_Activity_
Retype the data below verbatim; pictures do not belong in the copy.

_Supplied material_

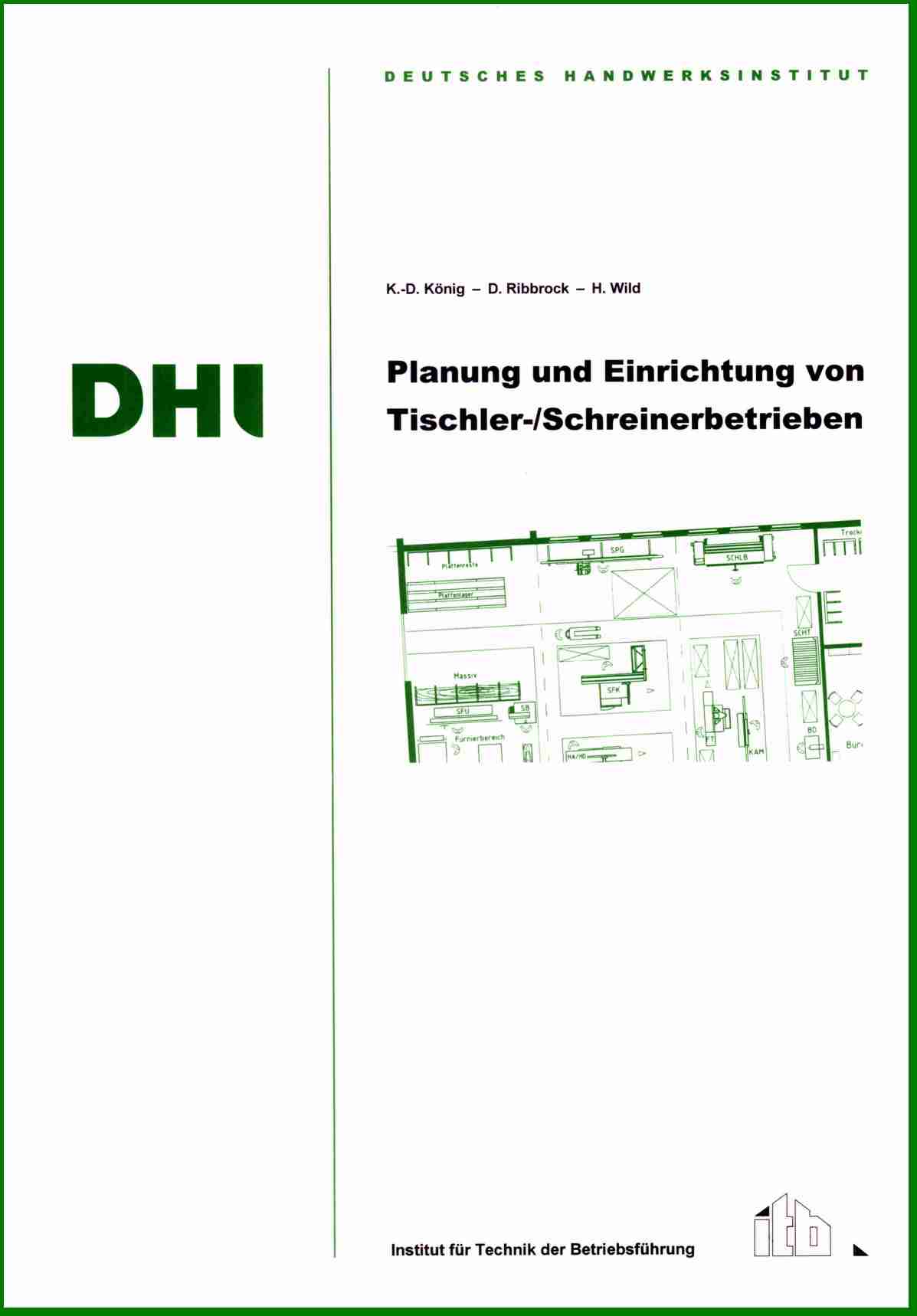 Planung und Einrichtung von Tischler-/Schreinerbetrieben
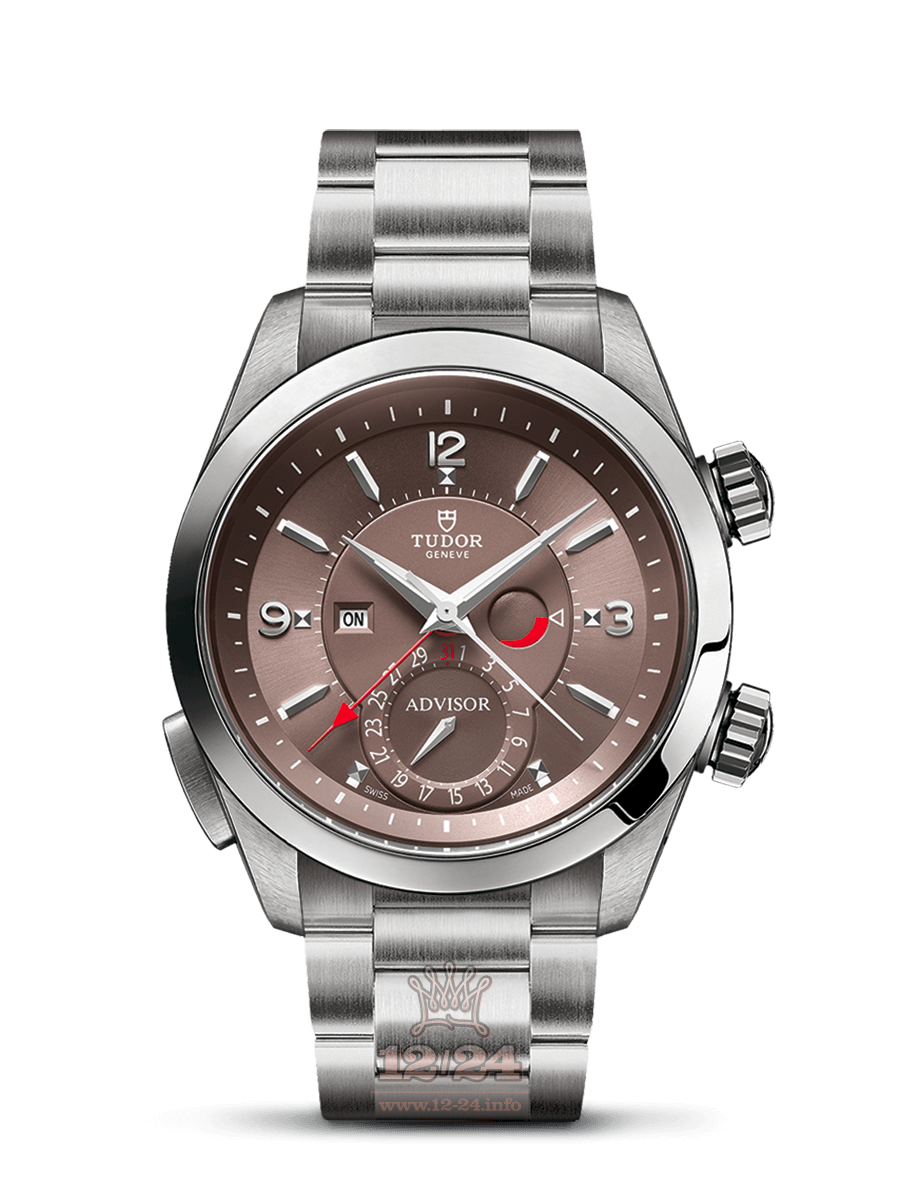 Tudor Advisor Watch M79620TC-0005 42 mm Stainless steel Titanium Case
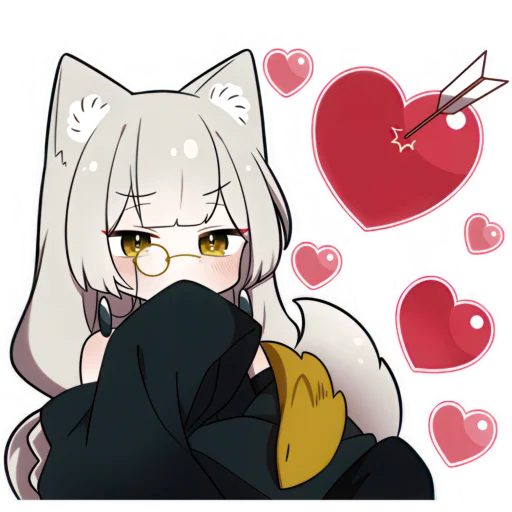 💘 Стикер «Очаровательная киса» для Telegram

_Finished task_
 Planung und Einrichtung von Tischler-/Schreinerbetrieben
 Tudor Advisor Watch M79620TC-0005 42 mm Stainless steel Titanium Case
 💘 Стикер «Очаровательная киса» для Telegram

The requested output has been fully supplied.